Ciptakan Tenaga Ahli Pembangunan Biogas Desa
Siak | Gurindam12.co - Biogas bukanlah hal yang baru dalam pengembangan energi terbarukan. Sejumlah negara telah mengaplikasikanya puluhan tahun lalu. Negara dengan populasi ternak yang cukup tinggi, seperti Amerika Serikat, India, Taiwan, China dan Korea telah memanfaatkan kotoran ternak sebagai bahan baku penghasil energi baik untuk listrik maupun untuk memasak. Saat ini di Kecamatan Kerinci Kanan Kabupaten Siak Riau tak mau ketinggalan, beberapa pihak saat ini sedang melatih puluhan masyarakat desa untuk menjadi tenaga ahli dalam membuat Reaktor Biogas yang tahap awal dilakukan di Desa Bukit Harapan.
Kegiatan ini merupakan rangkaian aktivitas dalam sebuah project pengembangan biogas di Provinsi Riau yang berlokasi di Kecamatan Kerinci Kanan. Project ini mendapat dukungan dari Energy and Environment Partnership (EEP) Programme yang merupakan kerjasama antara Pemerintah Indonesia dengan Kedutanan Finlandia. Sedangkan untuk pelaksana project ini adalah Yayasan Bina Usaha Lingkungan (YBUL) dan Yayasan Mitra Insani (YMI).
National Coordinator Energy and Environment Partnership (EEP) with Indonesia Nasrullah Salim ketika mengunjungi lokasi pelatihan para masyarakat desa ini mengungkapkan bahwa saat ini (19/12/12) masyarakat di Kecamatan Kerinci Kanan sedang mengadakan pelatihan pembuatan reaktor untuk biogas. “Dengan melatih para tukang yang berasal dari masyarakat lokal untuk pembuat Biodigesters yang nanti akan menjadi capasitibiling dengan adanya tenaga-tenaga ahli yang terampil, yang bisa membuat bioreaktor yang baik di Provinsi Riau terutama dari masyarakat desa.”

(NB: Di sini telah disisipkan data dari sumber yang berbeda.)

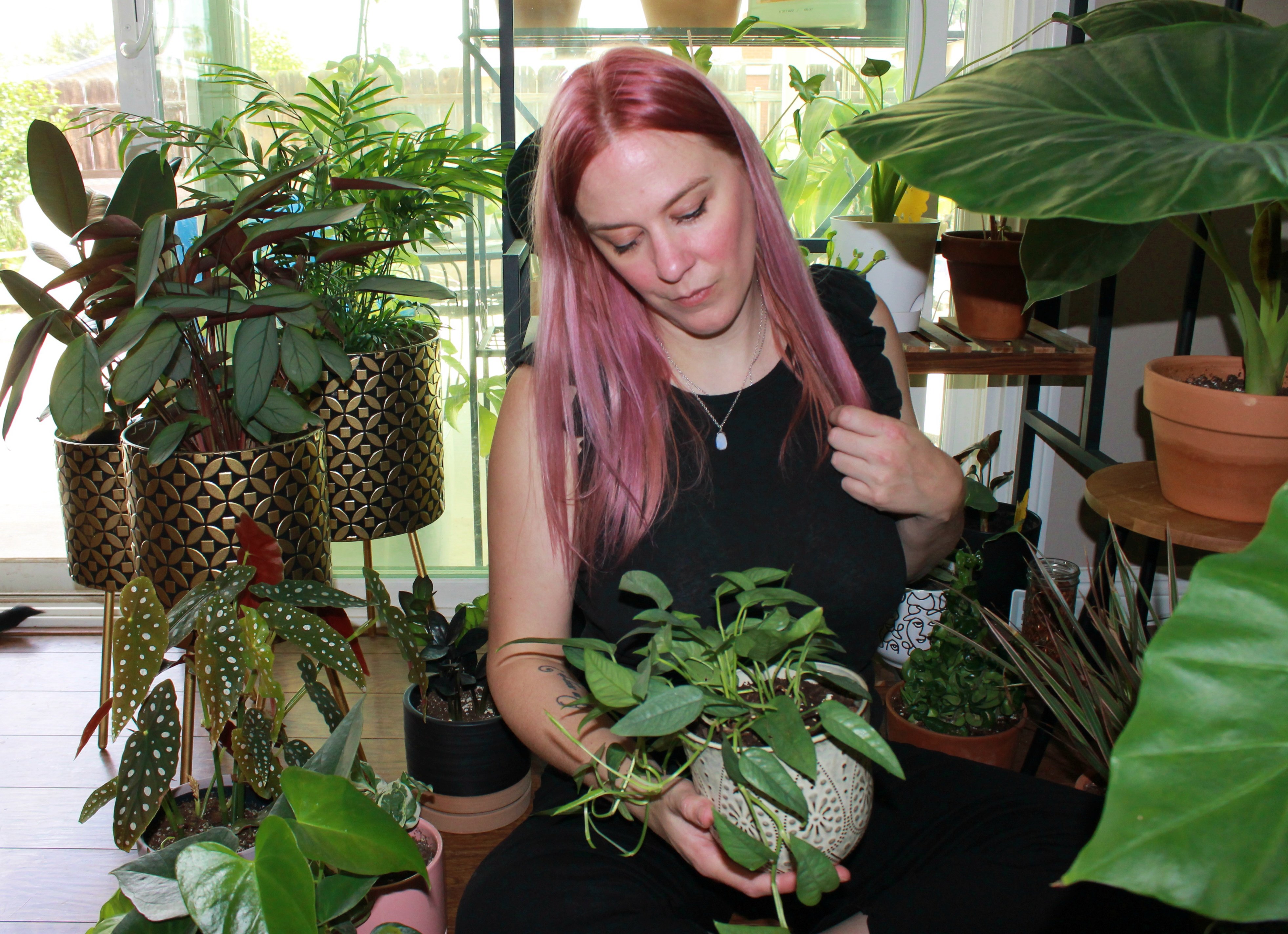woman with pink hair sitting among plants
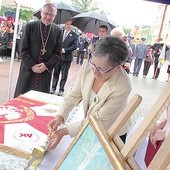 Danuta Ciesielska symbolicznie wbija gwóźdź w drzewce sztandaru szkoły.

“Saat ini tim dari CV. Khazanah Bahari yang bertugas untuk melatih masyarakat telah membawa tenaga ahli dari Bandung yang sudah terlatih untuk melatih masyarakat yang ada di Kecamatan Kerinci Kanan ini. Kita berharap dari hasil pelatihan ini, kedepan akan ada pekerja lokal yang akan menjadi tenaga baru dan mampu untuk membuat reaktor ini,” ujar Pria yang akrab disapa Eril ini.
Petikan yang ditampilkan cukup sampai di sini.